Her boss told her that she is too passionate and competitive about her work. Her boss doesn’t acknowledge the innovations and successes she brings to her work. Her boss intentionally puts up roadblocks to prevent success. My friend is devastated about the thought of looking for something else but thinks that may be her only alternative at this point. 

You know what was my first thought when my friend was telling me about this? Wow…her boss suffers from an extreme scarcity mindset. She’s intimidated. Rather than applauding my friend’s efforts – her boss deflates the energy and discourages the effort because of a fear that someone else may “rise to the top.” 

If you haven’t read Stephen Covey’s 7 Habits of Highly Successful People, I highly suggest you add this book to your list. In the book, Covey talks about the differences between scarcity and abundance mindset. Essentially, someone who has a scarcity mindset thinks they can only have “so much,” and those who get more only means there’s now less for everyone else. They don’t find joy in other people’s successes. They have a hard time giving recognition to people who helped aid in an organization’s success.

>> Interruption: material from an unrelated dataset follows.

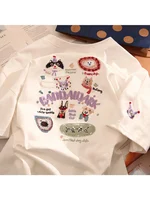 Pure Cotton ort Sve T-irt for Women Korean Cartoon Print Casual Comfortable Breathable Summer Top round Ne Tee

Those people who have an abundance mindset feel there’s plenty for everyone. They find joy with the team’s success and recognize others for their hard work in the process too. Overall, these people are generally very positive and uplifting…and the result is a highly productive and engaged business.

We all suffer from falling into a scarcity mindset on occasion. It’s human nature. It’s normal. But, there are a few things you can do to be intentional about your mindset. 

I have four tips on how to develop an abundance mindset. 

  1. Let people know how much you value them. Let me tell you, kind words go a LONG way. We all want to know that the work we do is appreciated and valued. 
  2. Choose to find the silver linings. When something doesn’t go as planned, try to identify the opportunities versus going down the rabbit hole of despair.
  3. Surround yourself with positive people. Positivity is contagious. Be mindful of those people who tend to drag you down and limit your interactions with them.
  4. Give more than you get. I love what John Maxwell says about this: Be a river – not a reservoir. When you’re generous (and you let that generosity flow like the river) with your time or resources, not only does it make you feel good…it tends to come back to you ten-fold.